Description of the task - Filter the entries that follow, copying every line in which the word "Benz" appears.

Start of Working data

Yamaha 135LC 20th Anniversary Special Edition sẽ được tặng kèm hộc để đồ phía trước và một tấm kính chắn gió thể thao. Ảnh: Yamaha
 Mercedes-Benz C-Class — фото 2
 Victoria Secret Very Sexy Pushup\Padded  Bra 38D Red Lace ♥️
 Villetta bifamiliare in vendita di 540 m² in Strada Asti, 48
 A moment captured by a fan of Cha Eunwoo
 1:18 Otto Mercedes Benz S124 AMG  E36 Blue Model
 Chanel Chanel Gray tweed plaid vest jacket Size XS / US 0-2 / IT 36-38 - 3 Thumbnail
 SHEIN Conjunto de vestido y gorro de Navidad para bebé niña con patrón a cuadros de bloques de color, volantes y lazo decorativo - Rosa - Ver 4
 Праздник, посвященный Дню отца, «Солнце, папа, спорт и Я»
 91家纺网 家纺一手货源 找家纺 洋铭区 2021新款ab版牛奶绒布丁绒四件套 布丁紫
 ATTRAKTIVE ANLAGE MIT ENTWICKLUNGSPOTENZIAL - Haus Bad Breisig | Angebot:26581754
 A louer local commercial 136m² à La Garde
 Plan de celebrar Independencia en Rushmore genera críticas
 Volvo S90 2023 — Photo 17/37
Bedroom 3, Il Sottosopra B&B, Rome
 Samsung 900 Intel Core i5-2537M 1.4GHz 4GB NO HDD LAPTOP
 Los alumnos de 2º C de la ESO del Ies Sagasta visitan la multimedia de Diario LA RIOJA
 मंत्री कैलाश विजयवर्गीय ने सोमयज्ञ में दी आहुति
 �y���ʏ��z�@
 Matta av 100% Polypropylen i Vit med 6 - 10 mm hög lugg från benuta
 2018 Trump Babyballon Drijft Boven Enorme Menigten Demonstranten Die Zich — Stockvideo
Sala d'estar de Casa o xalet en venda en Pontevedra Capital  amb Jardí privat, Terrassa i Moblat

End of Working data

Output below -
 Mercedes-Benz C-Class — фото 2
 1:18 Otto Mercedes Benz S124 AMG  E36 Blue Model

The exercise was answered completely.